In 1519 two groups of colonists, those from Jamaica under Garay and those from Cuba under Velazquez, each left their colonies and headed to Mexico to join the Spanish who were already there. An attempt to settle on Curaçao was also made in 1525.
Meanwhile, the exploits of Ojeda and Nicuesa in South and Central America met harsh ends at the hands of the Indians, who were less friendly to the newcomers than the Taínos in the Caribbean islands. Under the leadership of Vasco Nuñez de Balboa, the remaining members of both exploratory forces joined together in 1513 in Darien, a region of Panama that touches Colombia.
Balboa lead the explorers across the isthmus of Panama and found himself at the Pacific. That same year Pedro Arias de Ávila (usually called Pedrarias) was sent as Royal Governor of the colony. Panama, too, became an extremely important colony for Spain. Panama City was founded in 1519, though this was also the same year that Pedrarias beheaded Balboa.
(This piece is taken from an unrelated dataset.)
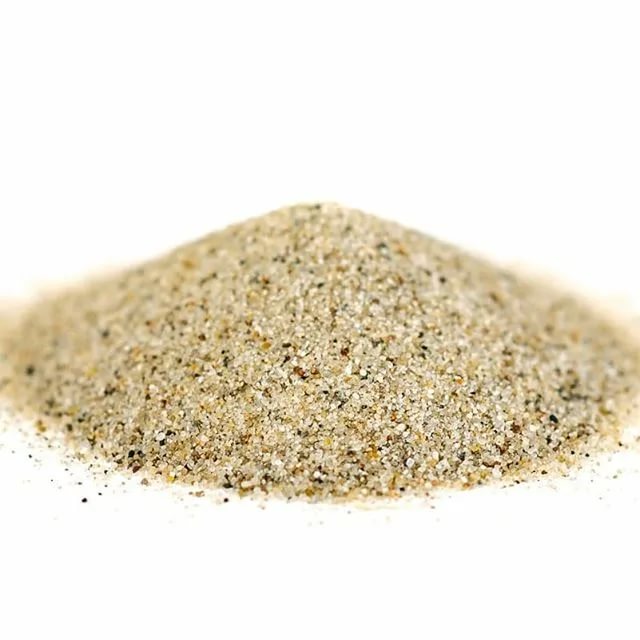 Абразив для пескоструя: никельшлак и кварцевый песок для пескоструйной обработки, другие материалы для аппаратов, их расход. как просушить?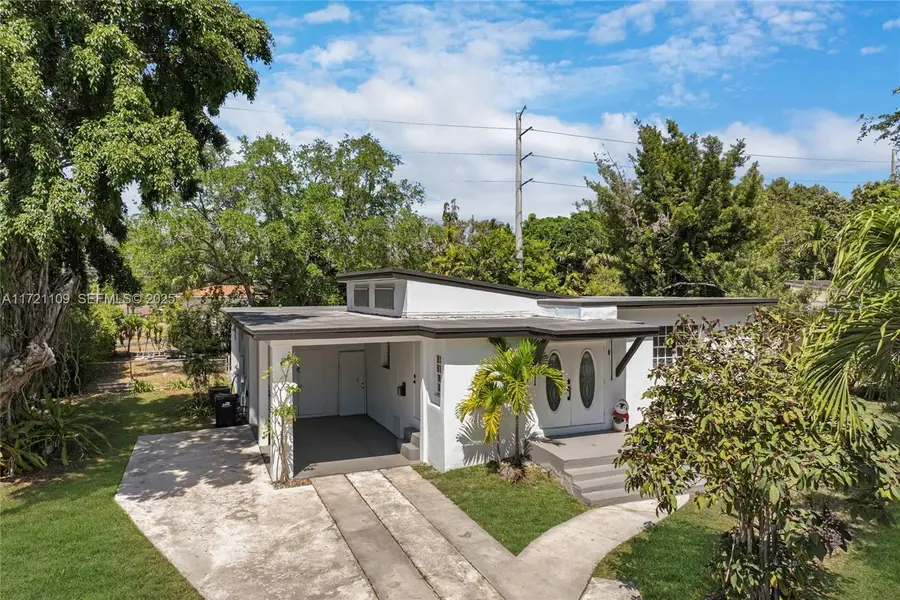 571 Raven Avenue, Miami Springs, FL 33166 - #2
Pedrarias eventually stepped down from his position as Governor in Panama. However, by this time in 1529, there were so few Indians left in the region that settlers had to import slaves. The native people of Panama fared no better than the Taínos had under Pedrarias' harsh leadership.
The Spanish claimed a large area of the mainland of Central and South America as they explored.
|Date||Current Name of Colony Location|
|1519||Panama, Costa Rica|
|1527||Venezuela, Yucatán Peninsula (Mexico at Cancún)|
Between the establishment of the colony in Darien and the other Panamanian and Costa Rican colonies, much of Mexico was explored and claimed. The Yucatán Peninsula was claimed much later.
Though Spain worked hard to claim much of the region in these early years, it wasn't long before their Central American gold attracted the attention of the rest of Europe, and many nations began scrambling to get their hands on any land - and riches - that they could.